On the morning of our visit at exactly 10:30, a cadet burst through the barrack doors and began to bellow, “Waaaaake uuuuup!” (Many cadets had slept in since they were given permission to do so.) M turned to us and said, “That’s my alarm too; I better get going. I need to get ready and dress in my blues. We’ll meet for lunch at noon in the mess hall.”
I couldn’t wait to see him again, and finally around 11:30 cadets began to arrive in the courtyard. They seemed to be gathering in specific locations within the courtyard, each dressed impeccably in their winter blues. (Since M arrived to the academy late in the semester, his navy jacket was not ready for him yet, so he would be wearing everything but his jacket.) And knowing that M would not be in his navy jacket, I figured it would be easy to spot him approaching the courtyard.
I noticed a tall young man walking swiftly, wearing uniform – minus the jacket, from the direction of his barracks. I turned to my husband and son K, “That looks like him, but that boy is walking too fast to be him. That’s not the way he walks.” We continued to search, but soon my eyes went back to the boy walking tall, quickly, and soldier-like.

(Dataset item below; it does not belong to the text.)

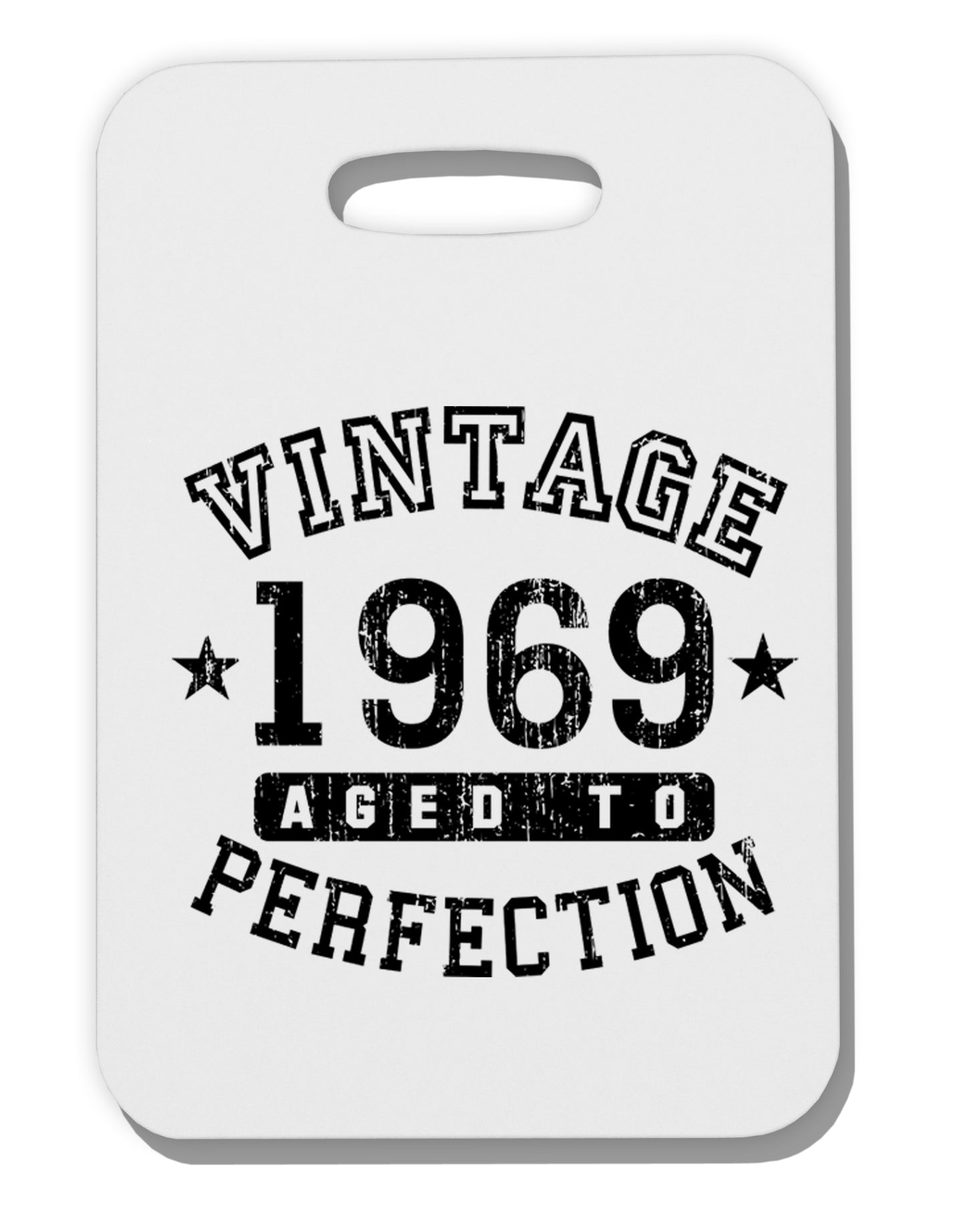 50th Birthday Vintage Birth Year 1969 Thick Plastic Luggage Tag by TooLoud-TooLoud-White-One Size-Davson Sales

It was him, and I was stunned. In fact, we were all stunned. How is his body moving like that? The body I know to be his moves slowly, with shoulders that are a bit hunched, and has a head that seems to bob back and forth with every slow step. This was incredible.
Soon the drums began to echo off the buildings, and the cadets, including my own son, began their fancy footwork. This was better than watching him take his first steps when he was a baby. The ceremonial beating of the drum, the rhythmic chants of the cadets, and my son taking his first steps brought tears to my eyes. I was watching him take his first steps all over again.